We are interested in finding embeddings with as small a size as possible.

A rooted tree is a tree \(T\) with a special vertex \(r \in V\) marked as root. Because a tree has no cycles, a rooted tree has an induced partial order on its vertices: for two vertices \(v, w \in V\), we say \(v \prec w\) if and only if \(v\) lies on the path from \(r\) to \(w\). An embedding is upward if, for all \(v, w \in V\) with \(v \prec w\), we have \(y_{f(v)} > y_{f(w)}\). An embedding is weakly upward if, for all \(v, w \in V\) with \(v \prec w\), we have \(y_{f(v)} \ge y_{f(w)}\).

Related Work. Drawing graphs with small area has a long and rich history [7]. By now, we are starting to have some understanding of when graphs admit drawings with linear area (a graph with \(n\) nodes can be embedded on a \(w \times h\) grid with \(wh \in O(n)\)), and when superlinear area is required. Chan [5] shows that every tree admits a drawing with \(n2^{O(\sqrt{\log \log n \log \log \log n})}\) area, improving the long-standing \(O(n \log n)\) bound one obtains by a simple divide-and-conquer layout algorithm.

However, not much is known about the exact minimum area requirements for graphs that do admit linear-area drawings. It is clear that not every tree admits a perfect drawing on a grid with exactly \(n\) points: for instance, when the graph is a star, some grid points are “blocked” and cannot be used. The star graph can be drawn on a linear-area grid: Euler already showed that the fraction of points visible from the center of a square grid tends to \(\frac{6}{\pi ^2}\) more than 300 years ago [8]. For graphs of bounded degree, there is hope that we can do better. Clearly, every path admits a perfect drawing.
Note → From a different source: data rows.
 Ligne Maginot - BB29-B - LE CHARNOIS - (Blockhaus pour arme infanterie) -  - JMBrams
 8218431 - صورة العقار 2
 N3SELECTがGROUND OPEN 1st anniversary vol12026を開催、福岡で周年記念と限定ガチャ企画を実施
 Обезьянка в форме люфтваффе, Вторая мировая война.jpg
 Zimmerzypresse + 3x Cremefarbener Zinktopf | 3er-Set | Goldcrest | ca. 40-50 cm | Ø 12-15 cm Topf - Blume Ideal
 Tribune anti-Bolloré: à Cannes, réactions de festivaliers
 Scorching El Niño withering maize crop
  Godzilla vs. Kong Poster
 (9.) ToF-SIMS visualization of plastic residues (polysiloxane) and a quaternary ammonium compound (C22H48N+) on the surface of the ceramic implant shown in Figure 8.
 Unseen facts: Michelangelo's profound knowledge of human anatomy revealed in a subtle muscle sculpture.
Garg and Rusu [9, 10] show that trees of degree \(d = O(n^{\delta })\) with \(\delta < 1/2\), and in particular of degree 3, have linear-area drawings onto a square grid, and even onto grids of different aspect ratio; their main concern is studying the relation between the aspect ratio and the area, but they do not give concrete bounds on the constant factor.

We conjecture that every degree \(3\) tree admits a perfect drawing onto a square grid, and we prove here that this is the case for perfect binary trees.
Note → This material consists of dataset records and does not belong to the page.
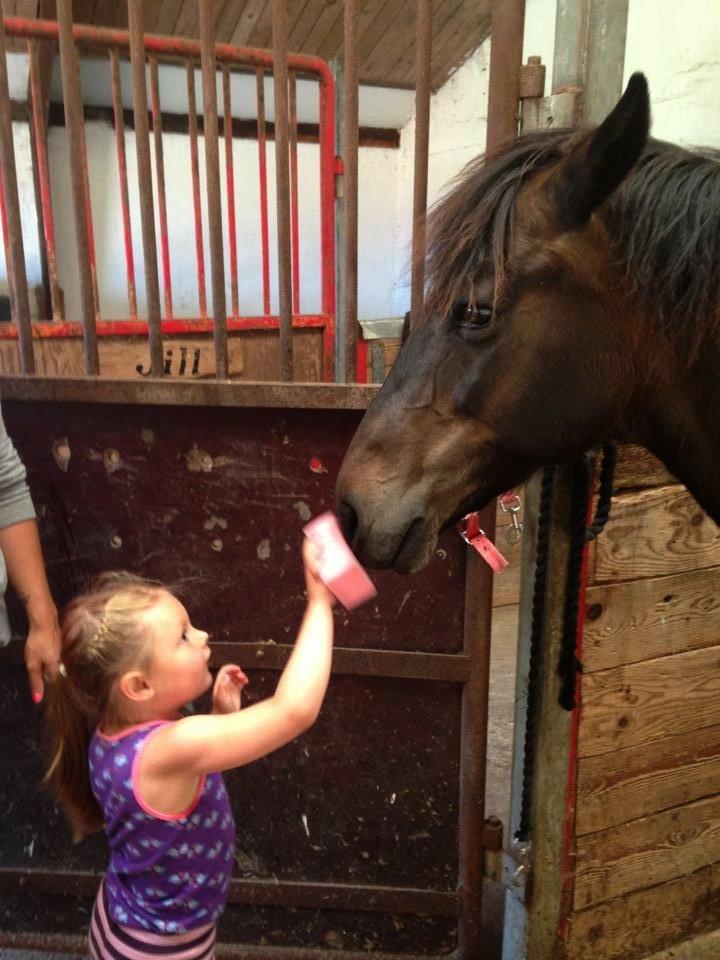 New Forest Sandagers Sir Giant // Sputnik - Sputnik bliver lige vasket på mulen af Signe. ;-) billede 13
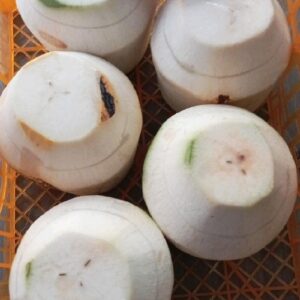 Degan Jelly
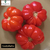Mix de semillas de tomates de cosecha de la huerta 2025 - comprar online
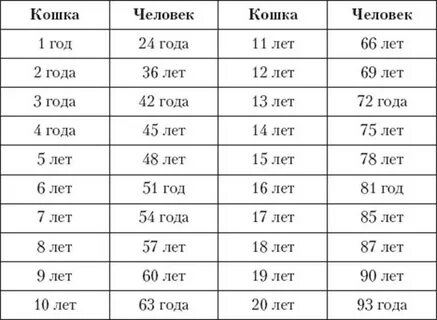 Кошачий калькулятор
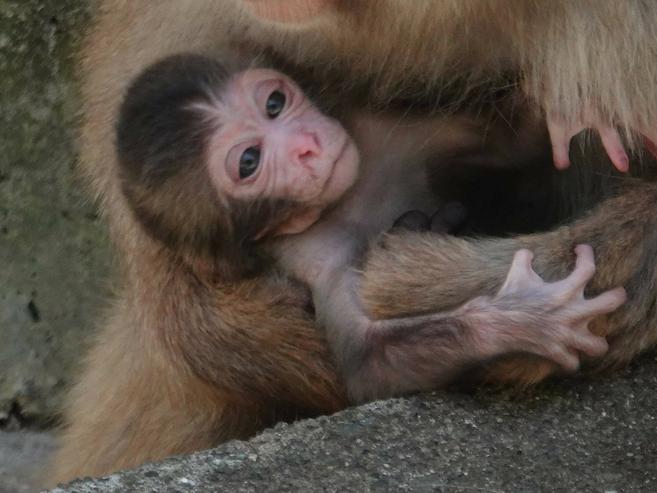 ニホンザル赤ちゃん誕生!の写真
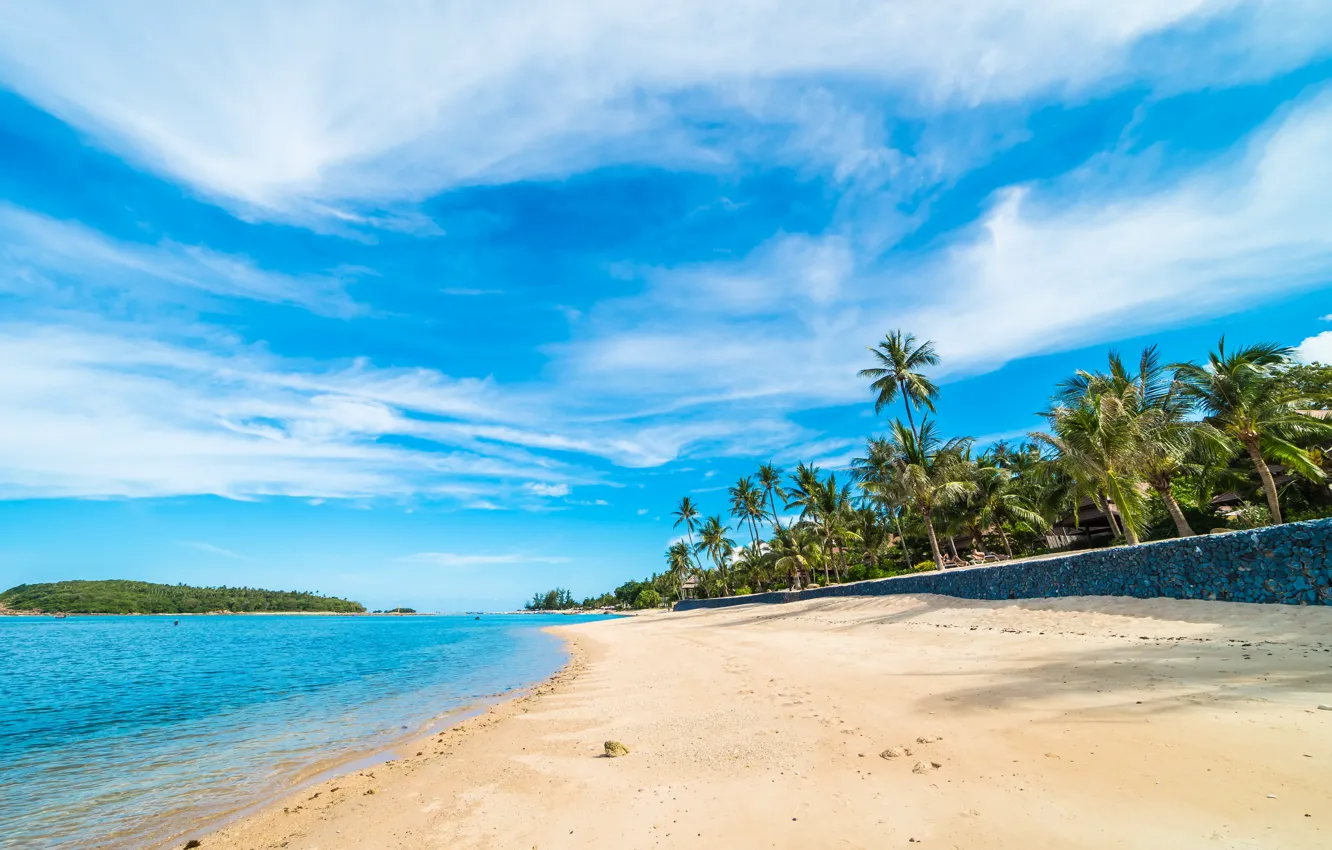 Photo wallpaper sand, sea, beach, summer, the sky, the sun, palm trees, shore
When drawing rooted trees, a natural restriction is to require drawings to be upward. In this case, clearly, perfect drawings are impossible unless the tree is a path, but we may still investigate almost-perfect drawings that leave only few grid points unused. Chan [5] shows that for strictly upward drawings, we cannot do better than \(\varTheta (n \log n)\) area. He does give an improved bound for weakly upward drawings.

Biedl and Mondal [4] proved NP-hardness for strictly upward unordered straight-line high-degree trees. Later, Biedl [3] gave an algorithm to find for every ternary tree \(T\) a strictly upward order-preserving straight-line grid drawing of optimum width.

Contribution. We have the following results.

  • It is NP-hard to test whether binary trees with fixed combinatorial embedding admit upward drawings on a given grid.

  • Perfect binary trees with \(n\) vertices admit drawings on a \(\sqrt{n} \times \sqrt{n}\) grid.

2 Optimal Embeddings of Perfect Binary Trees

We consider the following setting. Given a \(\sqrt{n} \times \sqrt{n}\) grid and a tree with \(n\) vertices, can we draw it with straight non-crossing edges? Clearly this is not always possible, for instance if the tree is a star.

Conjecture 1

If the tree has max degree 3, it is always possible.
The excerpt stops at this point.